13/06/2025
I am a girl. As a child, I was harassed multiple times.
I used to play with the younger sister of a brother in the neighboring apartment. The relationship between our two families was good. Since we lived next door, I often went there.
That brother used to shower me with affection. He would give me more chocolates than his own sister. Since I don't have any siblings, I liked him. I used to wish he was my brother.
One day, while playing with his sister, their mother took her to the market. When I was about to leave, the brother asked me to play with him instead.
So I stayed there. After his mother left, he made me participate in his ma********on. He behaved in an adult way with me. From then on, he would often make me do this. He even brought his friend once.
Suddenly, they moved out of that apartment but remained in the same area.
He told me not to tell anyone. I respected him so much that I couldn't.
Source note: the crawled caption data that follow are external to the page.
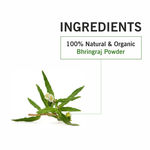 Buy TQS 100% Natural & Organic Bhringraj Powder -100 gm - Purplle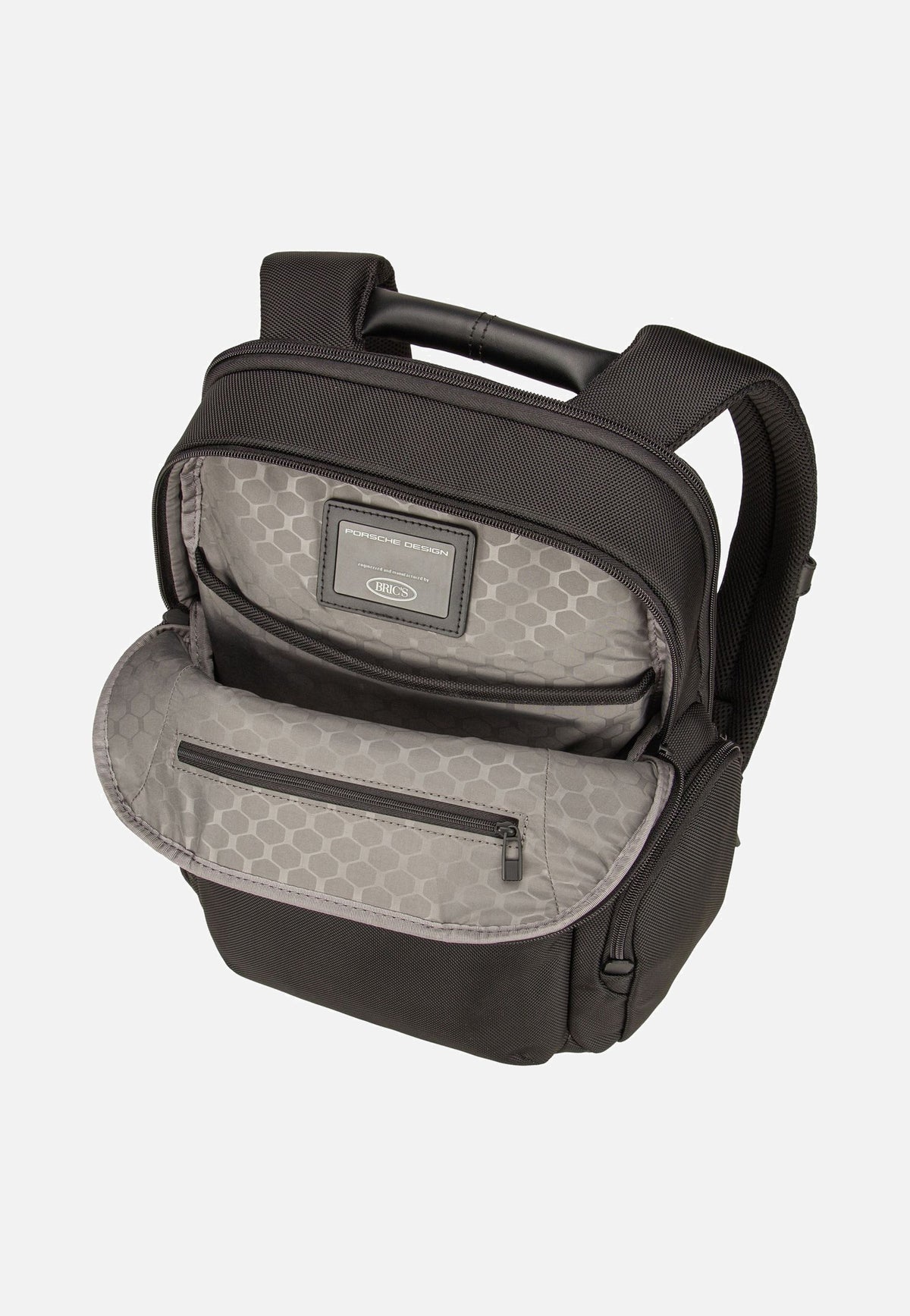 Porsche Design Roadster Nylon Evo S Black Mochila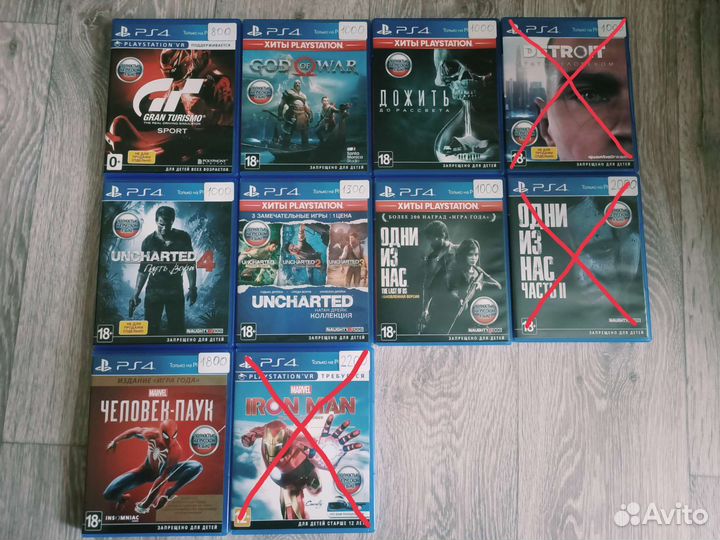 Игры для Playstation 4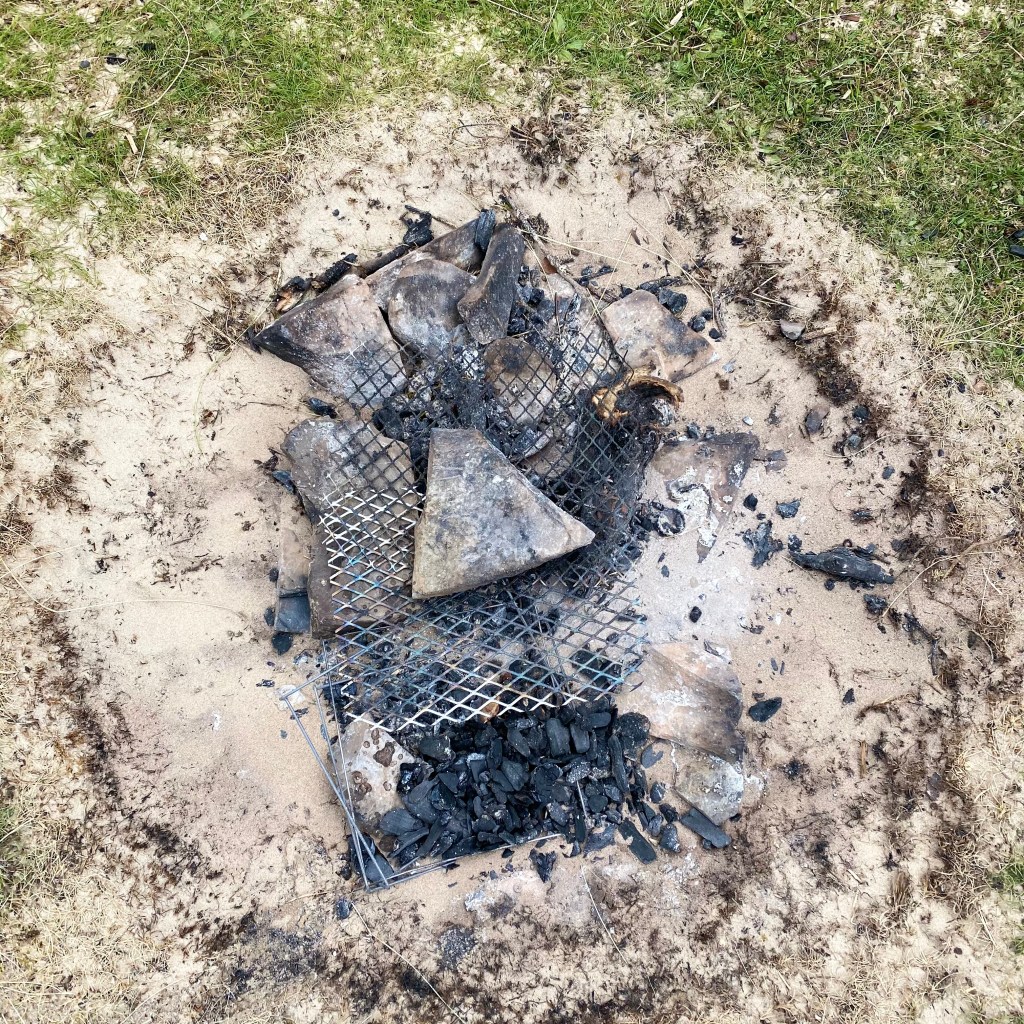 Remains of BBQ, NC500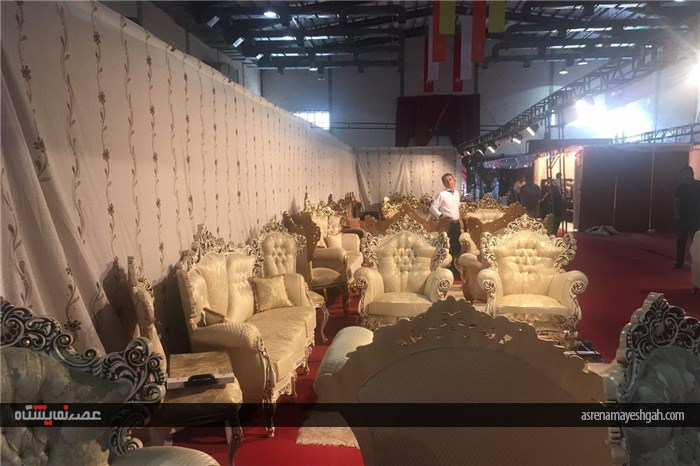 نمایشگاه مبلمان و دکوراسیون داخلی زنجان گشایش یافت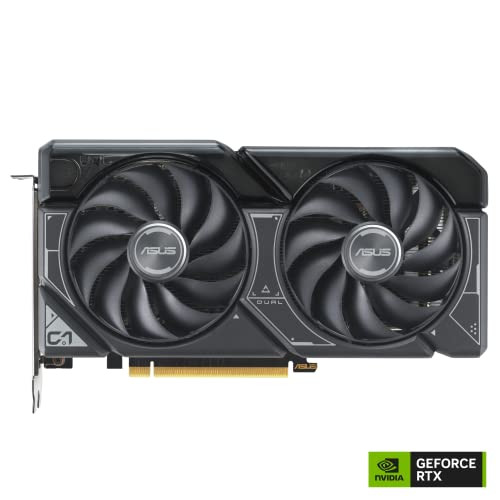 ASUS ProArt GeForce RTX™ 4060 OC Edition 8GB GDDR6 Graphics Card (PCIe 4.0, 8GB GDDR6, DLSS 3, HDMI 2.1a, DisplayPort 1.4a)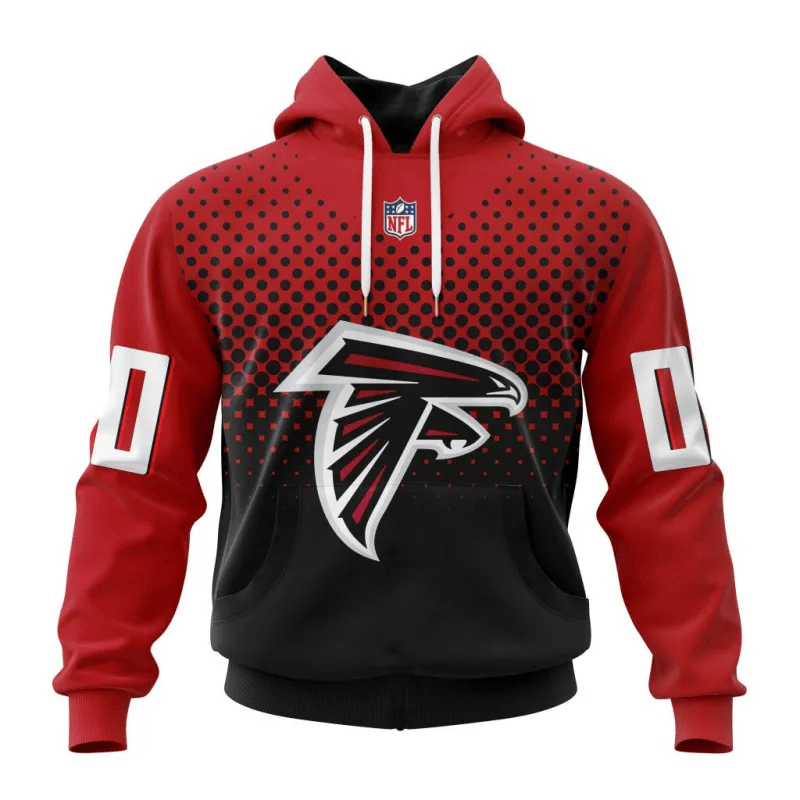 Atlanta Falcons New Hoodie Personalized Letters Number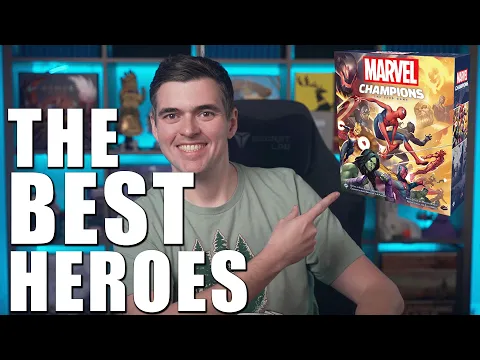 My Favorite Marvel Champions Hero From Every Wave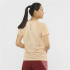 Running top Salomon Cross Rebel Femme Salmon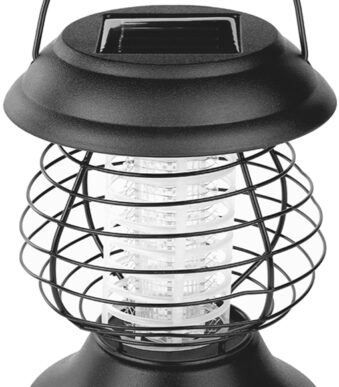 Bradas solar LED insectenlamp met handvat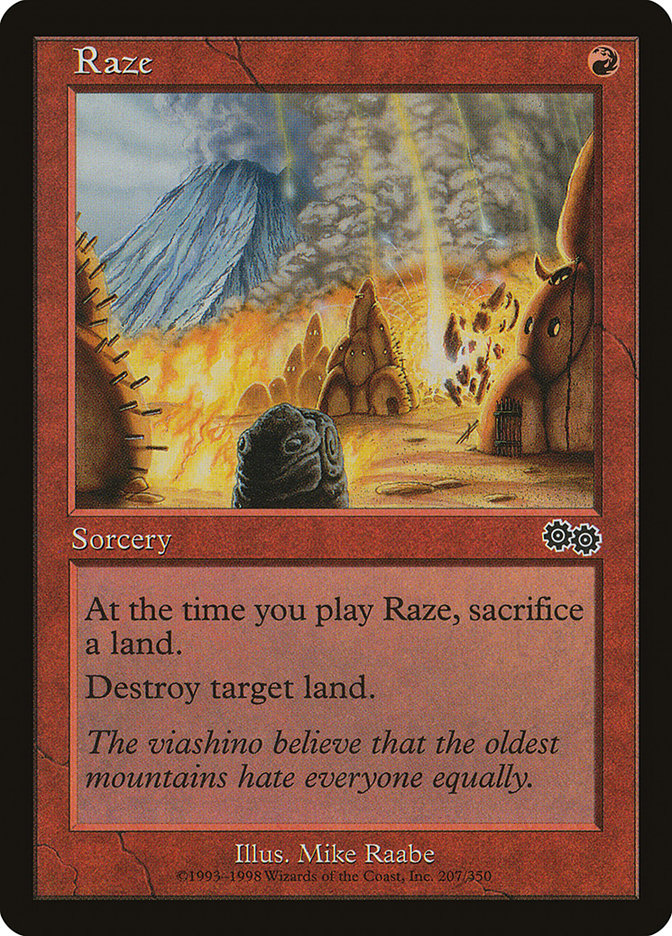 Raze [Urza's Saga] | Good Games Morley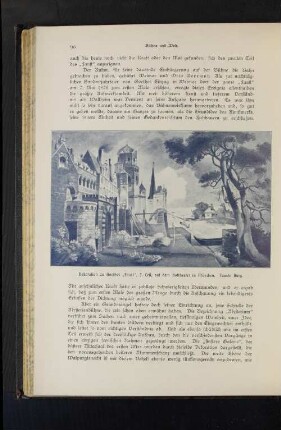 Dekoration zu Goethes "Faust"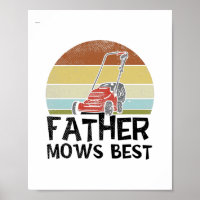 Lawn Mowing - Father Mows Best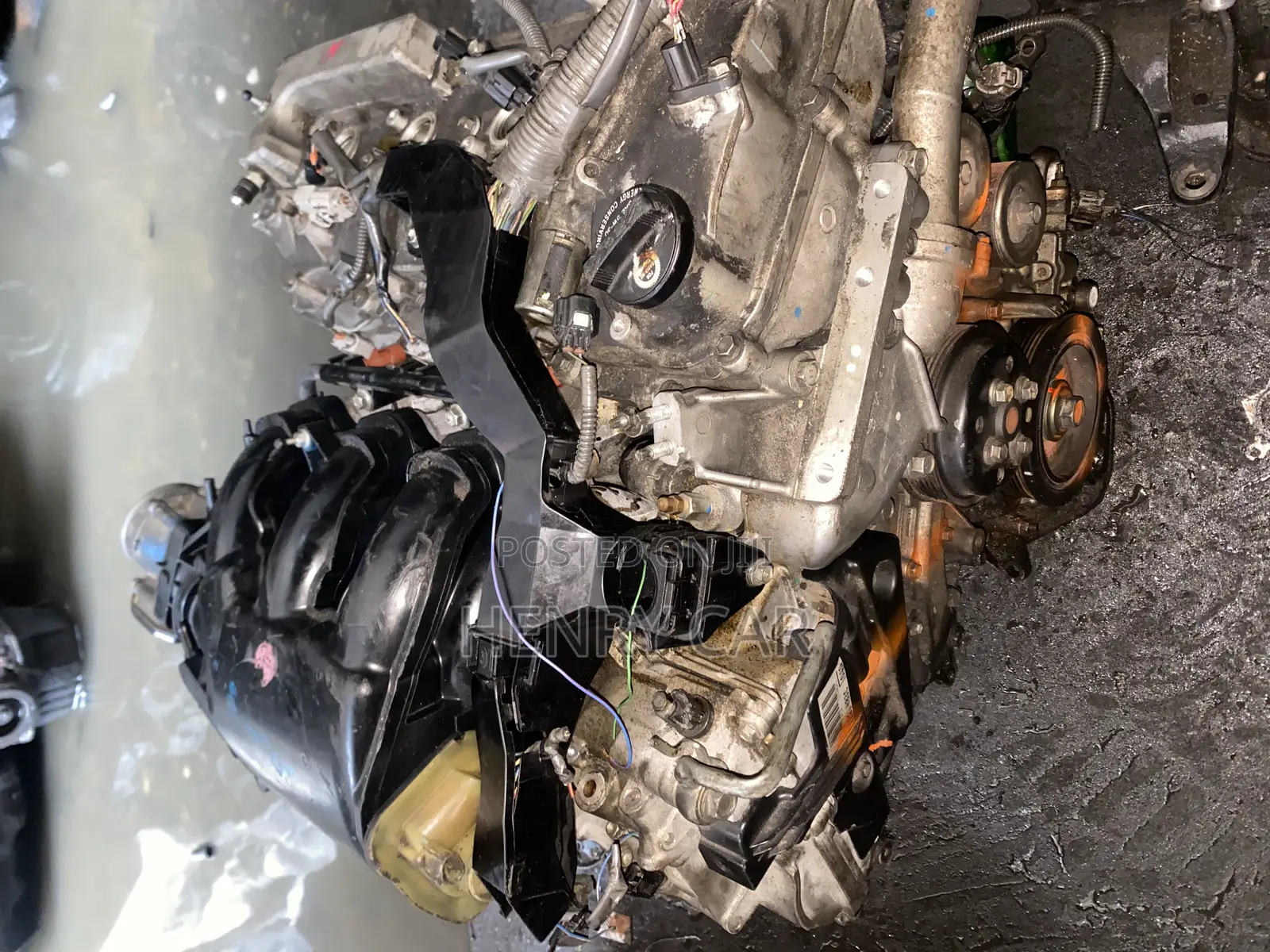 Toyota Sienna 2008 Engine (2gr)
I was too young back then to understand. Since I've understood, I can't stand any boy. I can't even tolerate the men in my own family.
I see that boy in the neighborhood. He's married, has children. But because of that past, I can't get married.
I keep rejecting so many grooms; whenever I see one, I think he must have done something similar to a girl like me.
The sad part is, one groom liked me so much that he offered to cover all wedding expenses for both sides, wouldn't take a single thread from the bride's side, and even agreed to our terms for the dower.
Seeing his eagerness, after I told him about my trauma, he never replied to my message. Yet, he had come to our house six times to discuss this marriage.
Now my family is also annoyed. But I have no desire to get married. Whenever I see a boy, I'm reminded of him.
Even if I get married, I won't be able to accept him properly. I don't even know if I should get married, because it will ruin his life along with mine.